>>
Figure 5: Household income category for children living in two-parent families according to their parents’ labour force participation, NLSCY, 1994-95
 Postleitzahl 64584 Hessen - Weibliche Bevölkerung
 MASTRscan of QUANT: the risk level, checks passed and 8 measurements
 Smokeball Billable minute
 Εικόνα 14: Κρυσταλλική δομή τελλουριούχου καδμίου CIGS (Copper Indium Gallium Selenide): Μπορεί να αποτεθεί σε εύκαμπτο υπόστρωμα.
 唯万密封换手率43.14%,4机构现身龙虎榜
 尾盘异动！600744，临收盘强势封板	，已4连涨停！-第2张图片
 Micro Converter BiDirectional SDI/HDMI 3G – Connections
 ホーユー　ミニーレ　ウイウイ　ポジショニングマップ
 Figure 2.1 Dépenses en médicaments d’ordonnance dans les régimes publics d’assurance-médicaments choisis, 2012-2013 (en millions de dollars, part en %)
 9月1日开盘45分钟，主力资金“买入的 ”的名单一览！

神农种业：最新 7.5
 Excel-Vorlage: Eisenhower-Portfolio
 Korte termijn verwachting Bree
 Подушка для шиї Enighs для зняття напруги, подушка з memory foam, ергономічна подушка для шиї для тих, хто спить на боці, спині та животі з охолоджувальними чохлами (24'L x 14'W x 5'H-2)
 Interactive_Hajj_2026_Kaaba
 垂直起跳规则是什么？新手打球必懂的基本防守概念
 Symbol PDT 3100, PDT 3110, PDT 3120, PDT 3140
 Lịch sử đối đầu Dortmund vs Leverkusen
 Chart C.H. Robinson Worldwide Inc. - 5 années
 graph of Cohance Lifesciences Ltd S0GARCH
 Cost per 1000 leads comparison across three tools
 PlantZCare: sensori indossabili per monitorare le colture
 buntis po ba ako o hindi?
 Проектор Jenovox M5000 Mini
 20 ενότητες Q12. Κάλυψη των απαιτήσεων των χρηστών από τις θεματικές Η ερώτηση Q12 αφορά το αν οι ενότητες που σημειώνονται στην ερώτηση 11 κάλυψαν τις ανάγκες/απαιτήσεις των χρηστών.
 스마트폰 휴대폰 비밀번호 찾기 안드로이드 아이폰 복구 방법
<<
Exercise instructions: The response should be an exact copy of all the records above.

Exercise output:
Figure 5: Household income category for children living in two-parent families according to their parents’ labour force participation, NLSCY, 1994-95
 Postleitzahl 64584 Hessen - Weibliche Bevölkerung
 MASTRscan of QUANT: the risk level, checks passed and 8 measurements
 Smokeball Billable minute
 Εικόνα 14: Κρυσταλλική δομή τελλουριούχου καδμίου CIGS (Copper Indium Gallium Selenide): Μπορεί να αποτεθεί σε εύκαμπτο υπόστρωμα.
 唯万密封换手率43.14%,4机构现身龙虎榜
 尾盘异动！600744，临收盘强势封板	，已4连涨停！-第2张图片
 Micro Converter BiDirectional SDI/HDMI 3G – Connections
 ホーユー　ミニーレ　ウイウイ　ポジショニングマップ
 Figure 2.1 Dépenses en médicaments d’ordonnance dans les régimes publics d’assurance-médicaments choisis, 2012-2013 (en millions de dollars, part en %)
 9月1日开盘45分钟，主力资金“买入的 ”的名单一览！

神农种业：最新 7.5
 Excel-Vorlage: Eisenhower-Portfolio
 Korte termijn verwachting Bree
 Подушка для шиї Enighs для зняття напруги, подушка з memory foam, ергономічна подушка для шиї для тих, хто спить на боці, спині та животі з охолоджувальними чохлами (24'L x 14'W x 5'H-2)
 Interactive_Hajj_2026_Kaaba
 垂直起跳规则是什么？新手打球必懂的基本防守概念
 Symbol PDT 3100, PDT 3110, PDT 3120, PDT 3140
 Lịch sử đối đầu Dortmund vs Leverkusen
 Chart C.H. Robinson Worldwide Inc. - 5 années
 graph of Cohance Lifesciences Ltd S0GARCH
 Cost per 1000 leads comparison across three tools
 PlantZCare: sensori indossabili per monitorare le colture
 buntis po ba ako o hindi?
 Проектор Jenovox M5000 Mini
 20 ενότητες Q12. Κάλυψη των απαιτήσεων των χρηστών από τις θεματικές Η ερώτηση Q12 αφορά το αν οι ενότητες που σημειώνονται στην ερώτηση 11 κάλυψαν τις ανάγκες/απαιτήσεις των χρηστών.
 스마트폰 휴대폰 비밀번호 찾기 안드로이드 아이폰 복구 방법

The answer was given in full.